|rendering ... rendering ... rendering ...|
Pistol took a plane to her new home in Texas this morning, and it nearly broke my heart to say goodbye. She snuggled deep into my heart in the last few weeks, and I will miss her greatly. If I didn't know where she was headed, I wouldn't have been able to send her off. But it is a super-fantastic home with someone who has been doing SAR work with a girl from my B litter. And I KNOW PISTOL WILL BE WELL LOVED AND VERY HAPPY.
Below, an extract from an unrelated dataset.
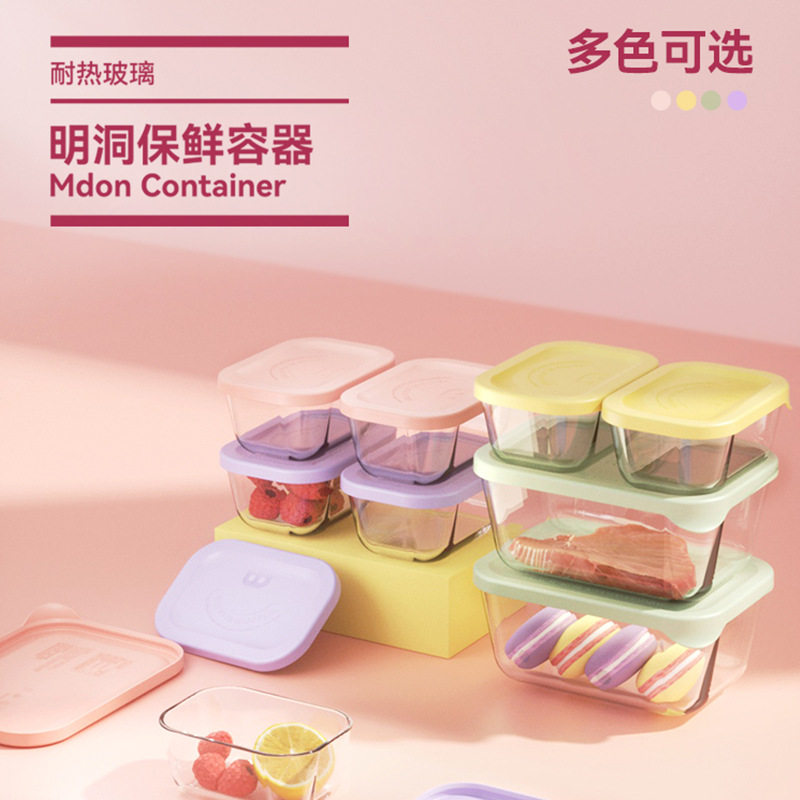 耐冷热密封保鲜盒加厚高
I'm usually pretty good at not getting too attached to my puppies in their first 8 weeks. I mean, I love them all, but it is a generic sort of love. But in the last 4 weeks, I got to KNOW Pistol's little heart and she followed me from room to room every day, and she would tell me when she thought I needed to feed her and when she thought I needed to sit down and give her a snuggle, and I knew what the whines in the crate each meant (if it had a howly tone, it meant she wasn't just fussing, she really did need to pee, but if she was screaming and biting the crate bars, she was just mad that she wasn't out free to sleep under the coffee table and/or steal my shoes, and if she barked, it meant that I should pay more attention to her and maybe she would like snuggle/pee/eat). It even made me laugh every time she would grab my shoe, look over her shoulder to see if I was watching, and trot away from me, head and tail high. So, I will miss her hugs where she crawled into my lap, tucked her head under my chin, and snorfled me in sleepy happiness.
But now she gets to go be a big kid, gets to learn to do a job, gets to have a whole family of her own to love and entertain her, and, well, gets to finish rendering into a marvelous, beautiful girl.